Go to the line containing "Vintage bed jaren" and return it and each line after it exactly, through the end of the data below, and nothing more.
SOURCE RECORDS: Begin
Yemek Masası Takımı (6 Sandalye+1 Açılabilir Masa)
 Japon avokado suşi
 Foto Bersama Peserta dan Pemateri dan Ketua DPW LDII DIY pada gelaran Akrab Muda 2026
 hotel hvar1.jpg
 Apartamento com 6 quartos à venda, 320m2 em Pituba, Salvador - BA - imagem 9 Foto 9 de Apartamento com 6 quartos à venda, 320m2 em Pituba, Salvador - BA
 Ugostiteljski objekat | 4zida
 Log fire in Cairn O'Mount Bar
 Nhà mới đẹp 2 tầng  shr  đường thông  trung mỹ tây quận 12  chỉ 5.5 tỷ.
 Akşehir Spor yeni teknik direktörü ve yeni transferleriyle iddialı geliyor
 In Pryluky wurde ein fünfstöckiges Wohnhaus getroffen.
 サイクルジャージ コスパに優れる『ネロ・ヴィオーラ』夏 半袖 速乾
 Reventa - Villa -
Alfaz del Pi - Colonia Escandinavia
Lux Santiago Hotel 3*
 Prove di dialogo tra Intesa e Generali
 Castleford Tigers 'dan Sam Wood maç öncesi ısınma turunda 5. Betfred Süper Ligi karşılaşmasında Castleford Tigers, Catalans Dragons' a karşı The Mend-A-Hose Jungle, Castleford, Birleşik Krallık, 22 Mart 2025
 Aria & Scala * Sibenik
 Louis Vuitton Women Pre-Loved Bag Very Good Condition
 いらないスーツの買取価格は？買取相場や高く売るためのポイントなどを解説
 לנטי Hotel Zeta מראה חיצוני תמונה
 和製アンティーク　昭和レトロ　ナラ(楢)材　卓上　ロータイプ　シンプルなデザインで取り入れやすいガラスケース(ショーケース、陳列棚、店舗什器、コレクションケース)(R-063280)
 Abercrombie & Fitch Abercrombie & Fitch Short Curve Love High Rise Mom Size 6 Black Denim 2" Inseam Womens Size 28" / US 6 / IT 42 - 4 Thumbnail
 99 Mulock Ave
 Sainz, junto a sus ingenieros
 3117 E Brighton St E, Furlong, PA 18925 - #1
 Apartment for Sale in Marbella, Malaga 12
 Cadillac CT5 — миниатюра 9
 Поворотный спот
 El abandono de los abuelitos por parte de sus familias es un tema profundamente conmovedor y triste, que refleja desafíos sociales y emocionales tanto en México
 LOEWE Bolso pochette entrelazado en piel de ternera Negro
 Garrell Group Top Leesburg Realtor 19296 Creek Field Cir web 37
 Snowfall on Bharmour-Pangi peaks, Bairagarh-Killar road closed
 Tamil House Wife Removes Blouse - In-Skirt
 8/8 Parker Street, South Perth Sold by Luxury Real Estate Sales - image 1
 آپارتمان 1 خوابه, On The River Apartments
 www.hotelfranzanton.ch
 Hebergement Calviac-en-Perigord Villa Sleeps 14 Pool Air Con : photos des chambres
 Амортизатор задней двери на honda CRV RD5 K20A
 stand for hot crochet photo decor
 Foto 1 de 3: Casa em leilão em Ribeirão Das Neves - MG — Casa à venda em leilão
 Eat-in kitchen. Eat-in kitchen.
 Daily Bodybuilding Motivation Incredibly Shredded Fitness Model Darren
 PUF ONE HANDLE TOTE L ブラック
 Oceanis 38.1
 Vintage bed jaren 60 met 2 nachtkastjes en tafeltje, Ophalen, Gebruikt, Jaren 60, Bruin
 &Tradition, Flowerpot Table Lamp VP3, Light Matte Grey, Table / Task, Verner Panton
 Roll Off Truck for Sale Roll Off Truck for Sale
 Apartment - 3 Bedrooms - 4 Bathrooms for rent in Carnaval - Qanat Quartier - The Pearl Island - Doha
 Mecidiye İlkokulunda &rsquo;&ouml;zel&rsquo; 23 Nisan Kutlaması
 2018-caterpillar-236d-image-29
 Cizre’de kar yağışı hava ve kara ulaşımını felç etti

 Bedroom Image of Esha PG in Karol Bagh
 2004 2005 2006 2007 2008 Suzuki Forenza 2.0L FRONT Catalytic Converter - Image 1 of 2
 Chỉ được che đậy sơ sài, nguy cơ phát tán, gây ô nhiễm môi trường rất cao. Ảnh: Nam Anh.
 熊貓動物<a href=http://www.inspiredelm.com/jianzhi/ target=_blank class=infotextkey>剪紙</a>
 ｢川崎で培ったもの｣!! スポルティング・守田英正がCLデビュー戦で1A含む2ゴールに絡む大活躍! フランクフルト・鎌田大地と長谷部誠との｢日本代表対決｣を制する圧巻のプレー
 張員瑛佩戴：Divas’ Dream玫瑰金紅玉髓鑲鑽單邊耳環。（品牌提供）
SOURCE RECORDS: End
• [RESPONSE TO THE TASK]:
 Vintage bed jaren 60 met 2 nachtkastjes en tafeltje, Ophalen, Gebruikt, Jaren 60, Bruin
 &Tradition, Flowerpot Table Lamp VP3, Light Matte Grey, Table / Task, Verner Panton
 Roll Off Truck for Sale Roll Off Truck for Sale
 Apartment - 3 Bedrooms - 4 Bathrooms for rent in Carnaval - Qanat Quartier - The Pearl Island - Doha
 Mecidiye İlkokulunda &rsquo;&ouml;zel&rsquo; 23 Nisan Kutlaması
 2018-caterpillar-236d-image-29
 Cizre’de kar yağışı hava ve kara ulaşımını felç etti

 Bedroom Image of Esha PG in Karol Bagh
 2004 2005 2006 2007 2008 Suzuki Forenza 2.0L FRONT Catalytic Converter - Image 1 of 2
 Chỉ được che đậy sơ sài, nguy cơ phát tán, gây ô nhiễm môi trường rất cao. Ảnh: Nam Anh.
 熊貓動物<a href=http://www.inspiredelm.com/jianzhi/ target=_blank class=infotextkey>剪紙</a>
 ｢川崎で培ったもの｣!! スポルティング・守田英正がCLデビュー戦で1A含む2ゴールに絡む大活躍! フランクフルト・鎌田大地と長谷部誠との｢日本代表対決｣を制する圧巻のプレー
 張員瑛佩戴：Divas’ Dream玫瑰金紅玉髓鑲鑽單邊耳環。（品牌提供）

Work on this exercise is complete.